Working Papers

Cooperation in the Repeated Prisoner's Dilemma Game with Local Interaction and Local Communication (2008). [pdf]

   This paper considers a repeated prisoner's dilemma game in a network in which each agent interacts with his neighbors and cannot observe the actions of other agents who are not directly connected to him. If there is global information processing through public randomization and global communication, it is not difficult to construct a sequential equilibrium which supports cooperation and satisfies a refinement, called stability, which requires that cooperation resumes after any history. In this paper, we allow agents to locally communicate with their neighbors and show that it is possible to construct such an equilibrium without global information processing. Here, the role of local communication is to resolve the discrepancy of agents' expectations about their neighbor's future actions.


Public Randomization in the Repeated Prisoner's Dilemma Game with Local Interaction (2007). [pdf]

   The paper considers the situation where each agent interacts with his neighbors by playing repeated prisoner's dilemma games and he cannot observe the actions of others who are not directly connected to him. In this environment, a trigger strategy or Ellison (1994)'s modification of the trigger strategy, depending on the loss from neighbor's defection, can be a sequential equilibrium which supports cooperation. However, these equilibria have an undesirable property that a small possibility of mistake to play defection causes a complete breakdown of cooperation. In this paper, agents are assumed to observe a public randomization and we construct a sequential equilibrium for sufficiently patient agents which supports cooperation and in which cooperation is eventually recovered from any history. If there is a small possibility of mistakes, the equilibrium we construct can result in more efficient outcome than the trigger strategy equilibrium, even though they give the same payoffs in the limit.


Endogenous Formation of Networks for Local Public Goods (2008). [pdf]

   The paper studies a situation in which agents can make a binding agreement both on the amount of local public goods and on the structure of networks through which they share the benefits of public goods. An agent enjoys the benefit of public goods produced by others who are (directly or indirectly) connected to him. There is a cost to maintain a link as well as to produce a public good. Since agents can choose the amount of public goods, the value of a link is endogenously determined. First, we consider two different models of sequential bargaining games through which a contract on allocations is established. In the first model, we allow agents to propose a pure allocation and show that there is no symmetric stationary perfect equilibrium for sufficiently patient agents. In the second model, agents are allowed to propose a distribution on allocations. As a result, we find a symmetric stationary perfect equilibrium in which probabilistic choices are made on an equivalent class of allocations. Next, we characterize core allocations, which consist of a minimally connected network and an effort profile in which at most one agent does not produce the maximum amount of public good.


Efficient Structure of Organization with Heterogeneous Workers (2008). [pdf]

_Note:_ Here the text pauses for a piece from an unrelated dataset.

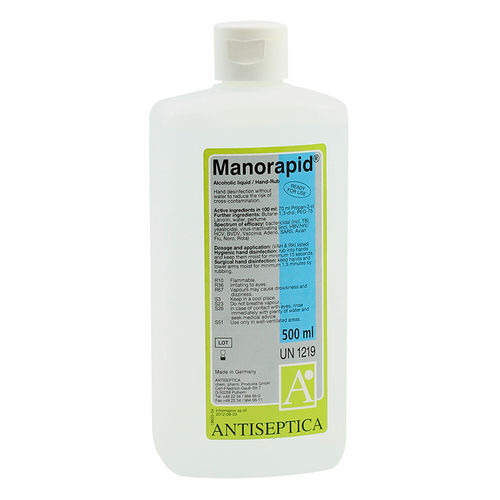 Гидроспиртовый раствор 500 мл - MANORAPID® R.F.U. - ANTISEPTICA - 100 мл / 150 мл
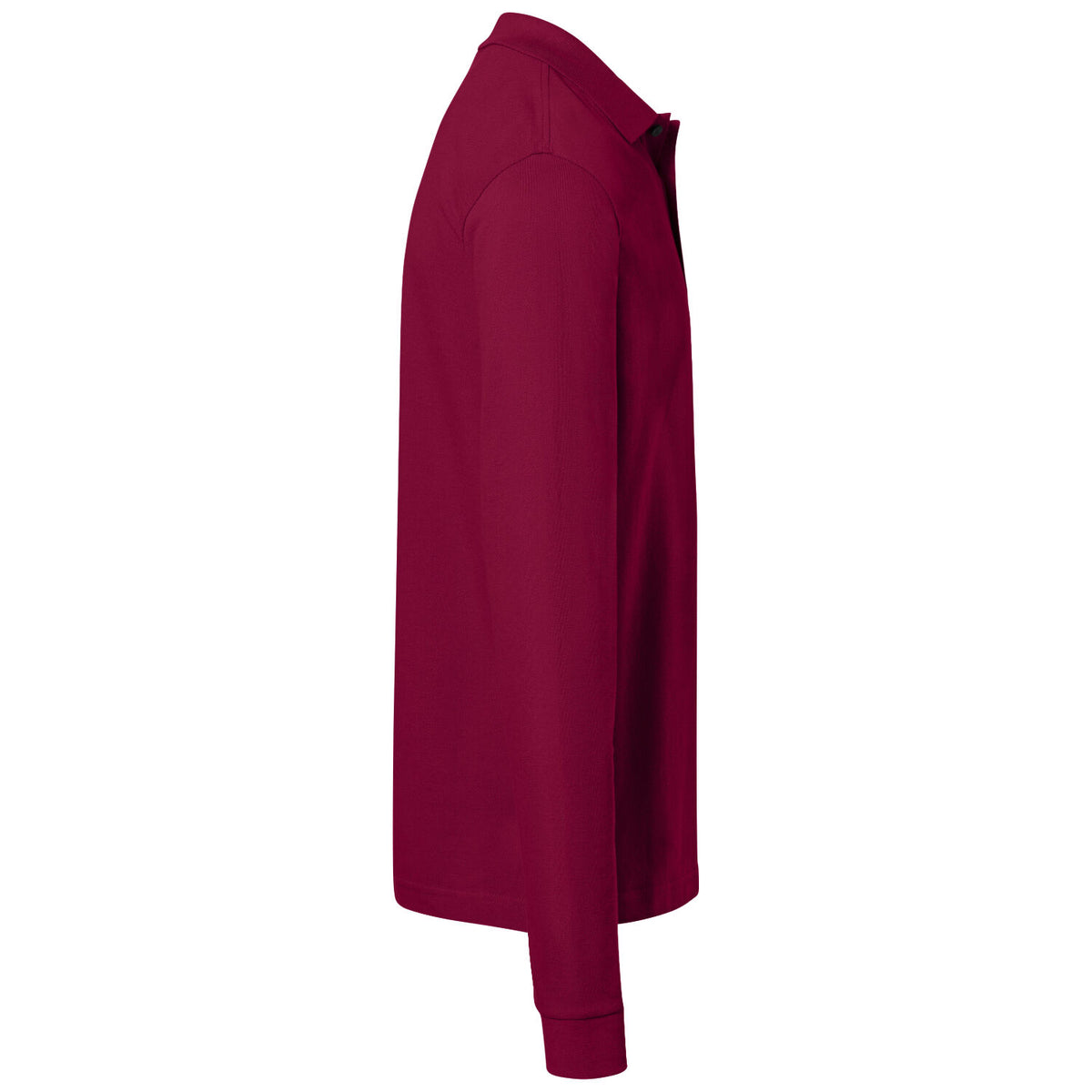 Hakro 817 Langarm Poloshirt Mikralinar ECO – weinrot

   The paper studies the problem of organizational design in a setting in which workers differ in their abilities and each worker is required to be monitored to prevent shirking. The need for monitoring workers generates a hierarchical structure in an organization, which can be represented as a rooted tree. The value of an organization is determined by the wage cost, the total number of productive tasks carried out, and the length of chain of supervision in the organizational hierarchy. % In this setting, we construct and characterize an efficient structure of hierarchy which maximizes the value of the organization. In addition, we show that a hierarchy with the optimal size has the form of balanced rooted tree.